During pipeline initialization, every Fast Data workload can be configured with a default paused runtime state. This is managed via the onCreate parameter within each microservice's ConfigMap. By initializing flows in a paused state, you ensure that no workload begins consuming data immediately after deployment, allowing for manual orchestration.
Then, start resuming the first execution steps: the NRT layer will start consuming messages from the input topic; the backup one will start too, butt remind keeping in a paused state its final process (not useful during a pipeline initialization).

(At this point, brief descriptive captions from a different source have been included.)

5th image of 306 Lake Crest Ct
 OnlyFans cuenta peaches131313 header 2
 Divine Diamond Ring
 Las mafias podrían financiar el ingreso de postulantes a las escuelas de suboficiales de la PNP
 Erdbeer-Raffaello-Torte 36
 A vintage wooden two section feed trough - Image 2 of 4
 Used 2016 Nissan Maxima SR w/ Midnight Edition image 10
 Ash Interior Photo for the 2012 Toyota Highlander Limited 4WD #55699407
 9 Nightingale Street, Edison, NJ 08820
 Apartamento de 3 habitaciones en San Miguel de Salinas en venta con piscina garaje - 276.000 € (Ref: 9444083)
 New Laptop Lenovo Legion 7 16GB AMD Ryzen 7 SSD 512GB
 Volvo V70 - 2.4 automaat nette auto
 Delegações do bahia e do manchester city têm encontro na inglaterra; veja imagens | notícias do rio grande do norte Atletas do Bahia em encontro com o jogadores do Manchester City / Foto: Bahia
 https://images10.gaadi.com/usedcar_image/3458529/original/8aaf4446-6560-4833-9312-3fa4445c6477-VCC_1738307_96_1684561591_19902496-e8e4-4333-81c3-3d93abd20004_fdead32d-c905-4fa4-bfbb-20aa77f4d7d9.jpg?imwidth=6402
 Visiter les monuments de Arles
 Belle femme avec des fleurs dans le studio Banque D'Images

Iterative Pipeline Activation
Whenever it is necessary to start the Full Refresh process or an Initial Load, you can simply resume the consumption from the UI, allowing the messages in the backup topic to be reingested into the pipeline in a controlled way. Typically, this first step involves executing transformation logic to ensure incoming data is compliant with Fast Data formats (e.g., casting, mapping, and data quality enhancements). Once processed, these messages are produced into the output streams, ready for the subsequent stages of the pipeline.
You can monitor the flow of the pipeline from the UI, and quickly identify bottlenecks or issues, or perform quick operations to fix them (e.g. pausing the regular flow, to allow the backup flow to process the messages and catch up with the regular flow, before resuming it again).
Ingestion and Lag Monitoring
Whether it is during the regular flow of the pipeline, or an Initial Load or a Full Refresh operation, you have full visibility of the state of the pipeline and full control of it.
Once the environment is ready, you can regulate message loading into the ingestion layer of your pipeline, pausing and resuming consumptions of topic messages in services. As the queues fill, the Control Plane provides real-time visibility into Consumer Lag across every pipeline edge, allowing you to monitor the volume of data awaiting processing.
Advanced Aggregation Management
When dealing with Aggregate execution steps, the Aggregation Graph Canvas provides a centralized strategic view. This interface is specifically designed to manage complex scenarios where multiple data streams must be merged.
Best Practice: The Leaf-to-Head Strategy For efficient ingestion, it is recommended to resume consumption following a "bottom-up" approach:
- Start from the Leaves: Resume consumption at the leaf nodes of the aggregation graph.
- Monitor Lag: Observe the incremental decrease in consumer lag.
- Progression: Once the lag approaches zero, move to the next level of the graph.
- Activate the Head Node: Finally, resume the head node of the aggregation.
By keeping the head node in a Paused state while the leaves process data, you prevent the production of premature events in the output stream. Once the head is resumed, it will produce the final aggregated output, significantly reducing redundant processing load on downstream stages.
By combining real-time Consumer Lag monitoring with granular runtime state control, the Control Plane transforms complex Initial Load and Full Refresh operations into a manageable, transparent, and highly efficient process.